Every entry below should be repeated exactly; the pictures should not.
*** Opening LISTED ENTRIES ***
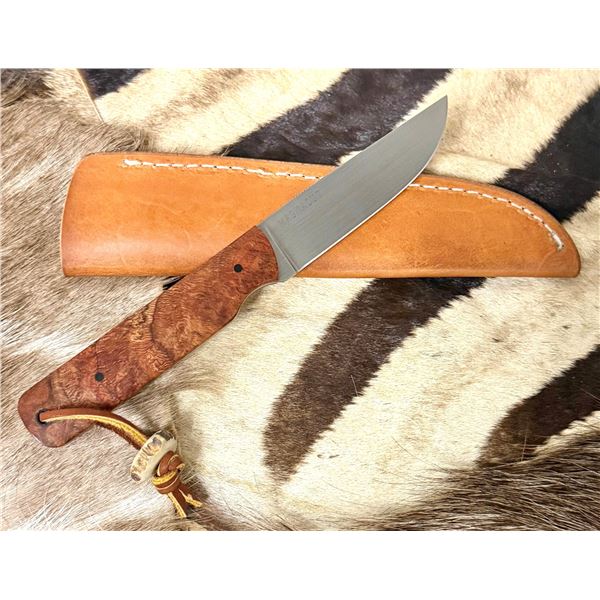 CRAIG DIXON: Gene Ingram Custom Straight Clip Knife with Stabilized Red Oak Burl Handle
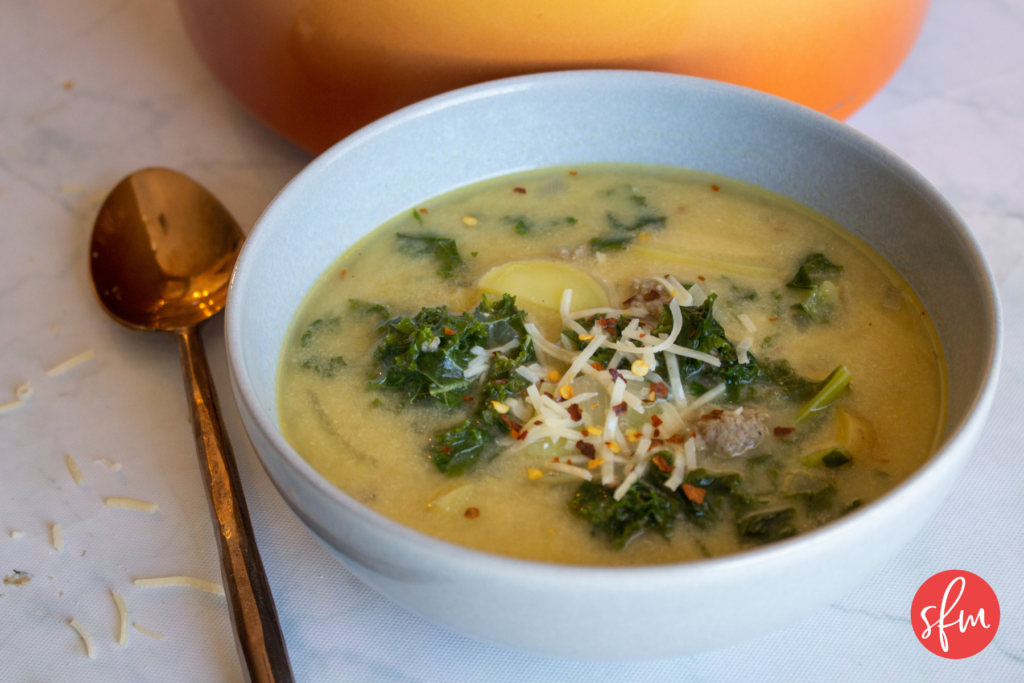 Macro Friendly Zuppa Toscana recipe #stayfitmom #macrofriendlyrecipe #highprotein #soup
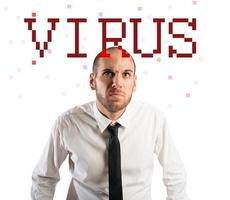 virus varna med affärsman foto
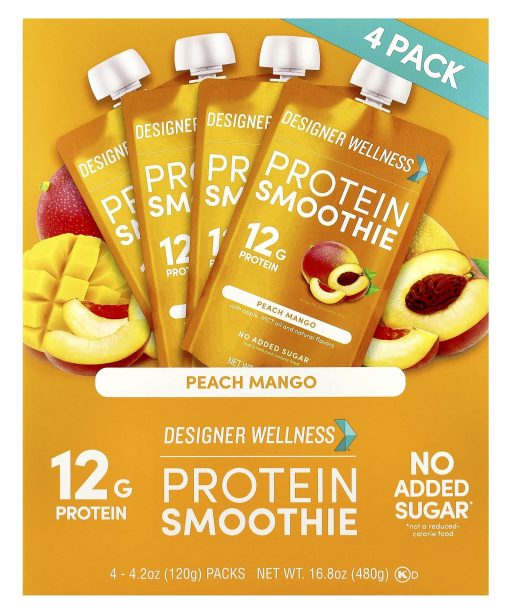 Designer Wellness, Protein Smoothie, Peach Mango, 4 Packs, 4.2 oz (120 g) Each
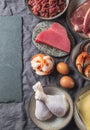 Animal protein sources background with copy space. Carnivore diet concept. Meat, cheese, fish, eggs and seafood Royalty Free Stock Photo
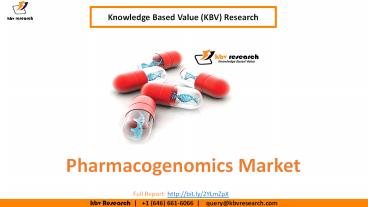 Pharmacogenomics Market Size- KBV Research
*** Closing LISTED ENTRIES ***
RESULT BELOW:
 CRAIG DIXON: Gene Ingram Custom Straight Clip Knife with Stabilized Red Oak Burl Handle
 Macro Friendly Zuppa Toscana recipe #stayfitmom #macrofriendlyrecipe #highprotein #soup
 virus varna med affärsman foto
 Designer Wellness, Protein Smoothie, Peach Mango, 4 Packs, 4.2 oz (120 g) Each
 Animal protein sources background with copy space. Carnivore diet concept. Meat, cheese, fish, eggs and seafood Royalty Free Stock Photo
 Pharmacogenomics Market Size- KBV Research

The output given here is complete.